Now days, I try not to get irritated so much. I try to figure out how to throw them off by making some outrageous response. Then I politely educated them that they shouldn’t assume all women are helpless and incompetent in the way of auto mechanics. Some of us actually know how to fix things, but simply don’t have the time so we call in a professional to do it for us for a fee. Oh, and that we CAN back up large trucks! I get more entertainment out of it these days instead of getting mad.
(The pic above is just me and my family – yes, I have a Dobie addiction lol!)
Now comes the next difficulty in this whole equation. After a lifetime of dealing with this type of stuff, I had become that woman always trying to prove herself and boasting publicly that I CAN do this or that. Is it really necessary? No. I’ve learned people will be people and you can’t fix stupid. I pick my battles these days.
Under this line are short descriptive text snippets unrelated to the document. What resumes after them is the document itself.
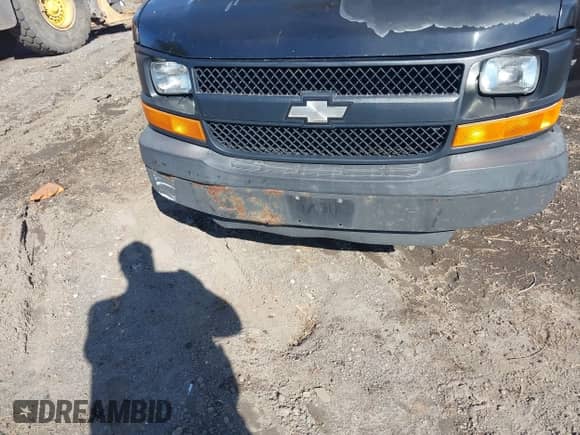 2005 Chevrolet Express с VIN 1GAGG25U651239189, выставлен на аукционе IAAI как лот 41751022 с пробегом 290 047 миль миль и . История ставок и продаж доступна на DreamBid. Изображение 6.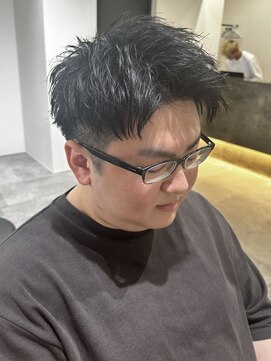 ヒュイル バイ ニアウ(Hwyl by Niau) メンズマッシュパーマニュアンスパーマスパイラルパーマ刈り上げ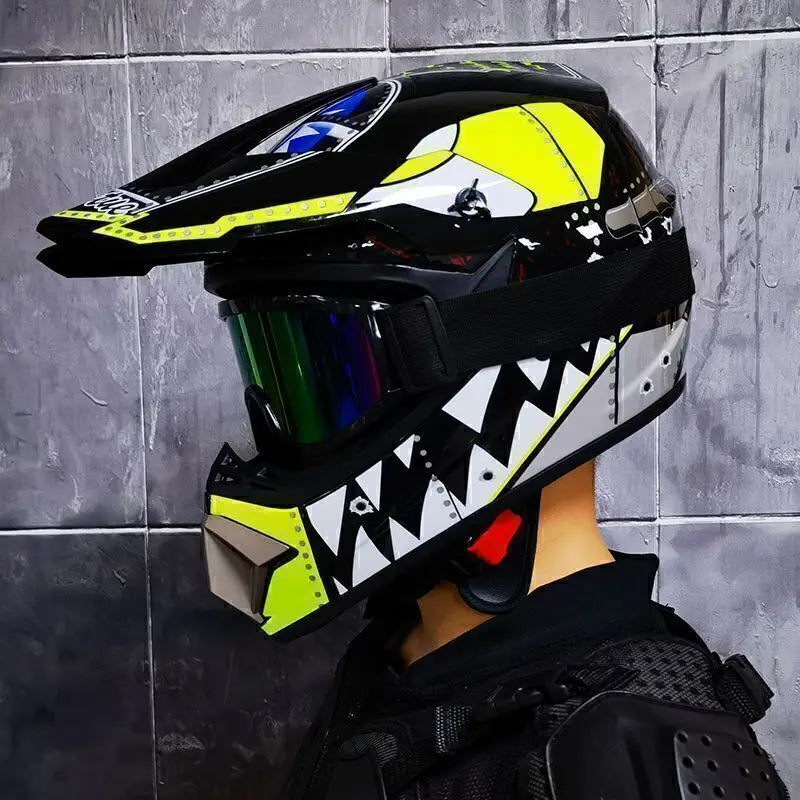 four seasons Racing Helmets Motorcycle Helmet  riding helmet and  rally Helmet Large adv Sports helmet Motocross Helmet Casco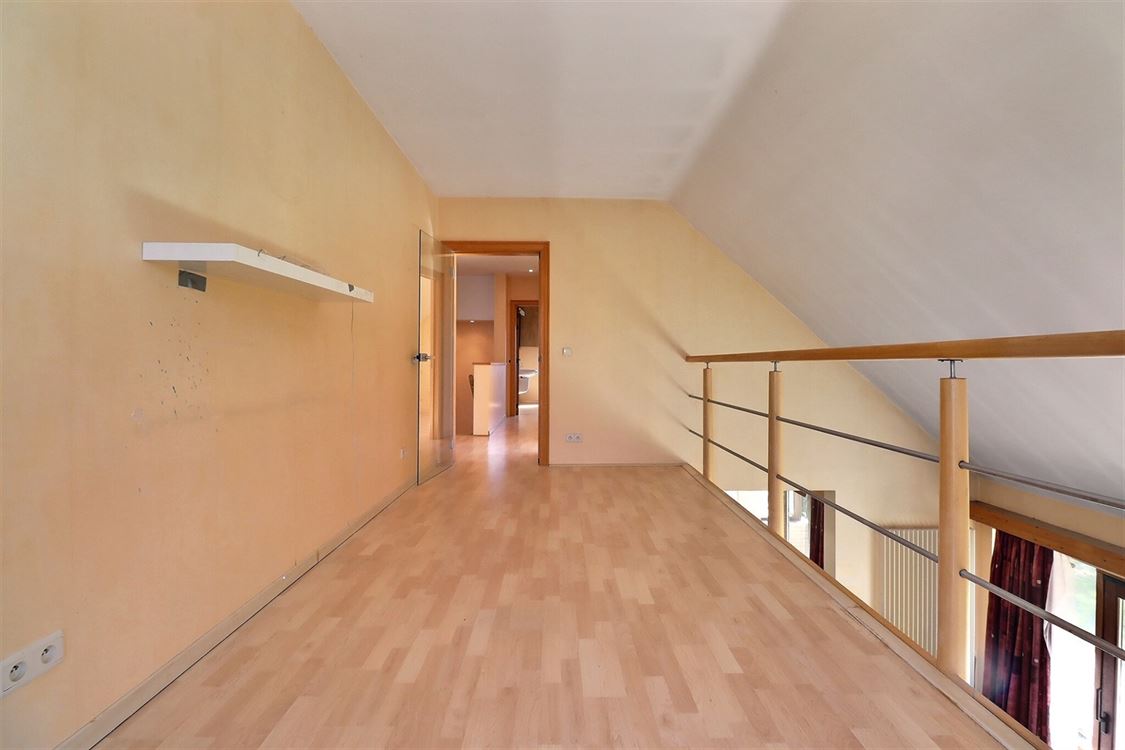 Villa/maison/ferme à PROFONDEVILLE (5 chambres)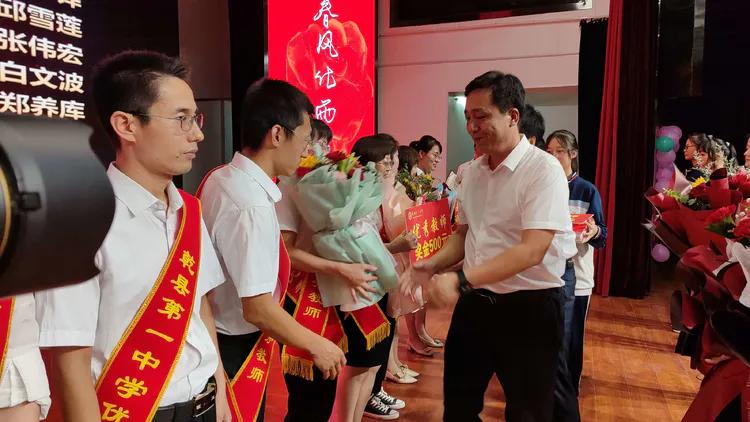 守望初心 最美绽放--乾县一中隆重庆祝第37个教师节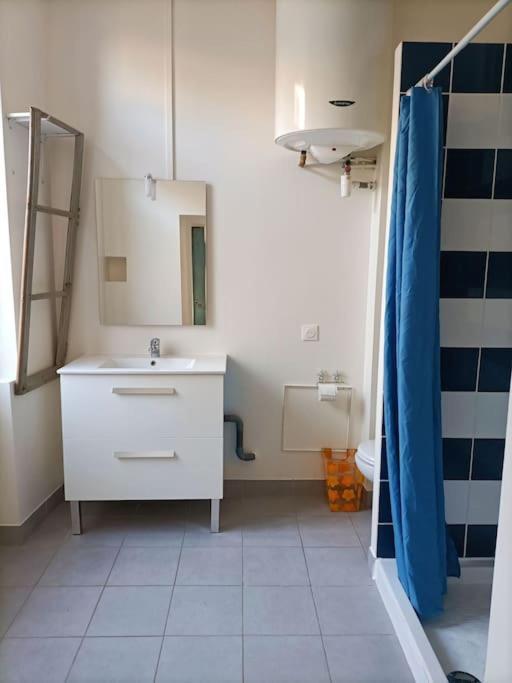T2 Centre Village "Chez Clothilde" Ремулан Екстериор снимка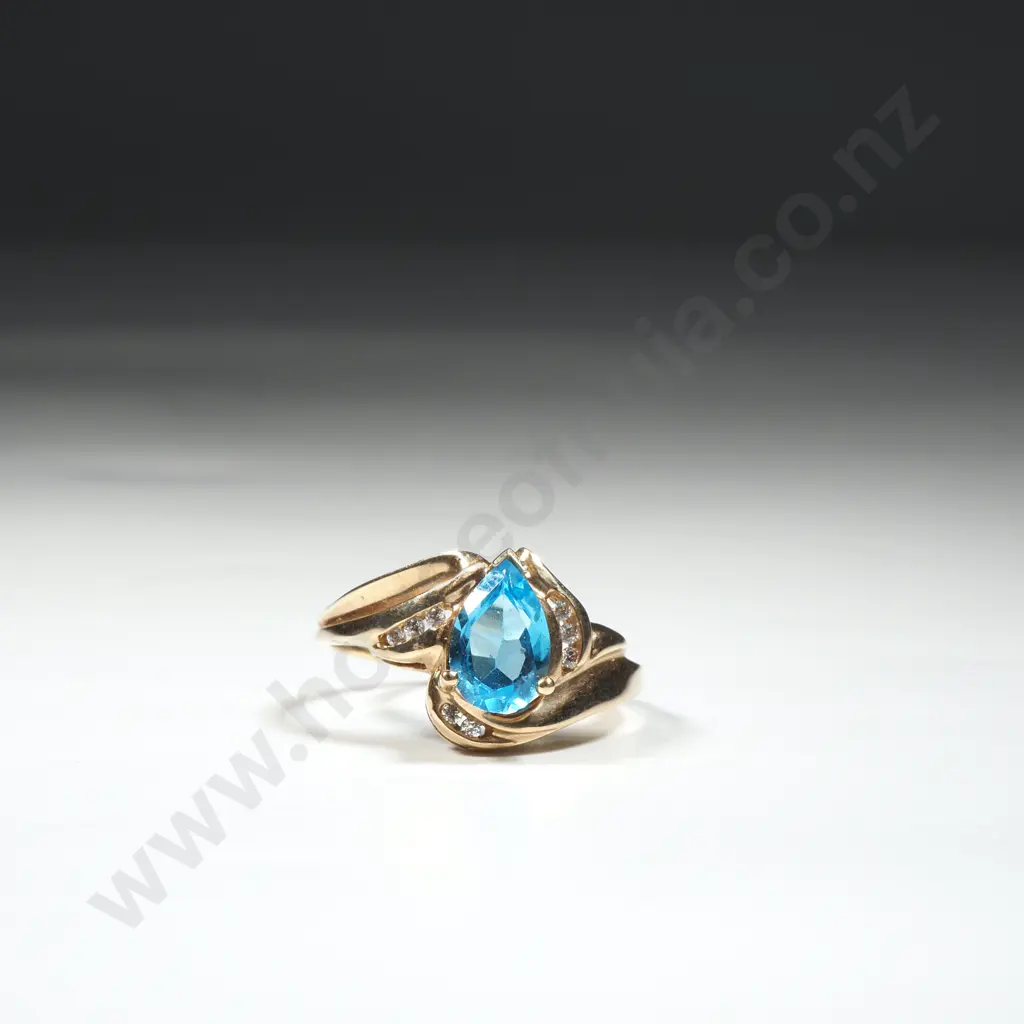 10ct Gold Blue & White Gem Ring Image 1++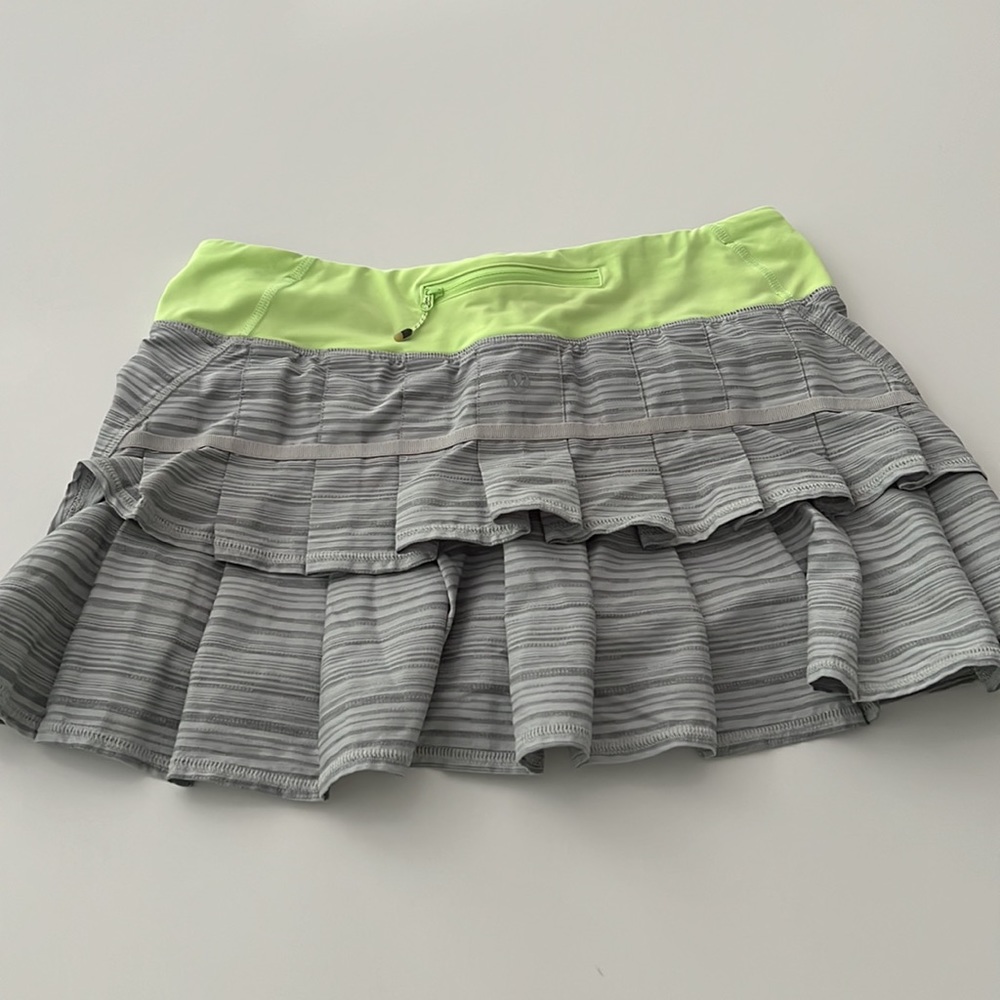 Lululemon Pace rival tennis skirt size 6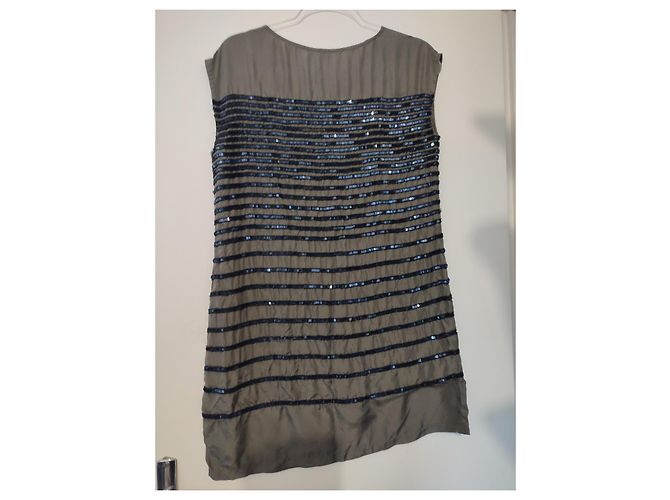 Hoss Intropia Seidenkleid Caramel mit blau-schwarzen Perlen Karamell - Ansicht 4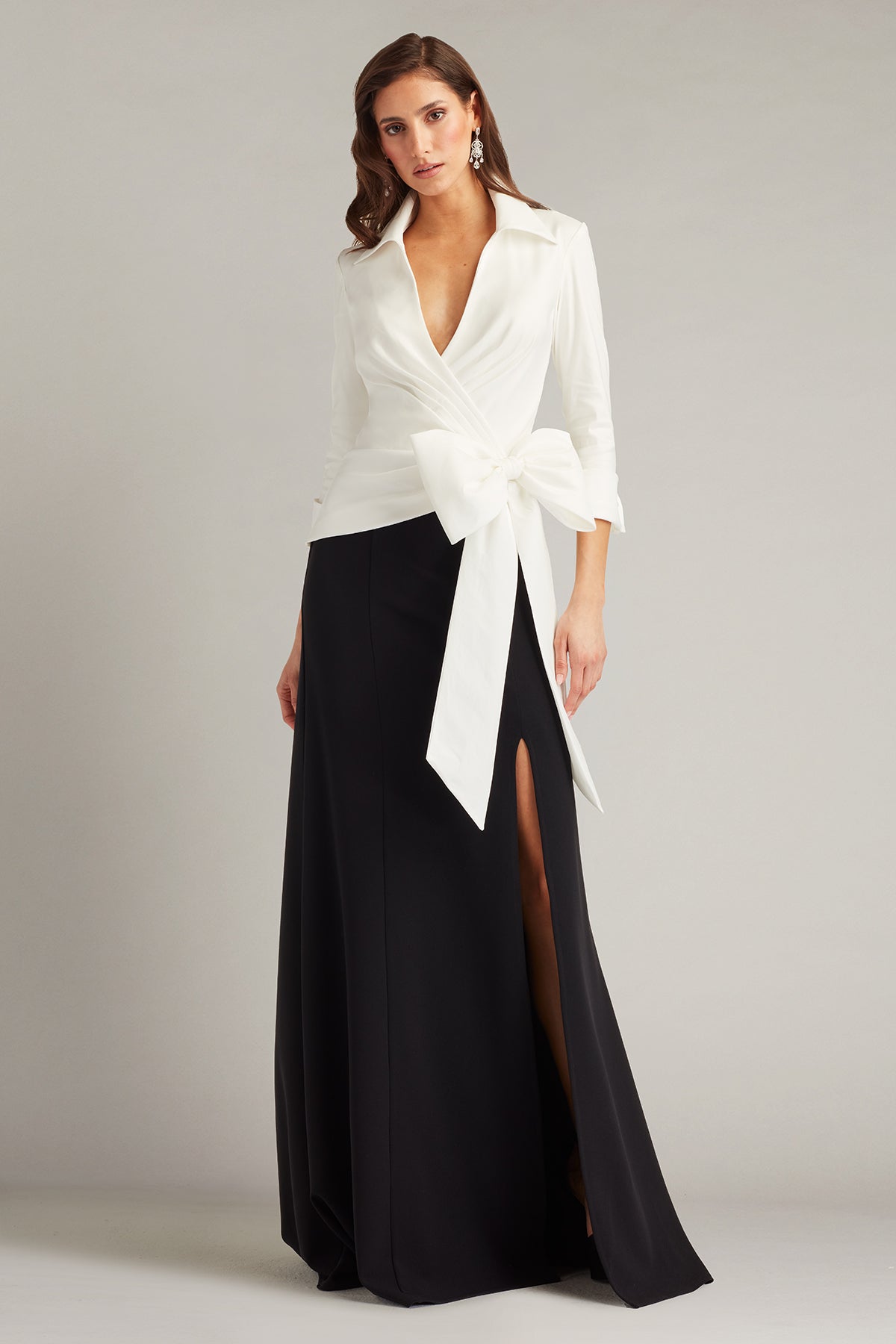 CY26011L-WH/BK_FRONT_2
Can I do most things? Heck yes I can!! I have a wonderful man in my life now. In the beginning it was hard for me to “allow” him to do certain things for me that most view as “man chores.” We still bump heads sometimes but I honestly like that I don’t HAVE to do all those things anymore. I don’t NEED a man to do them for me but it sure is nice having time to do something else more enjoyable and letting him do it. But there are days when I need to move something heavy and I just go and start doing it when I could have asked him to do it or at least help. I do it myself mostly because, well, I’m impatient and I want it done NOW lol! I know it will take him a “MAN-minute” to get to it because he has to get to a stopping point on his video game and well I have other stuff to do so may as well just do it.
(My hunny – he puts up with a LOT from me haha!)
I also know that men need to feel “needed” and allowing them to do these man-things really makes them feel like a man so I typically concede on some things. But this hasn’t been an easy transition for me. For so long I felt the need to prove I didn’t need someone to help me and that I could do it all by myself. A lot of that pressure, I suppose, was from the military environment. I do still, on occasion, fight the urge to argue on topics of whether I can or can’t do something but for the most part I’ve learned to just let it go.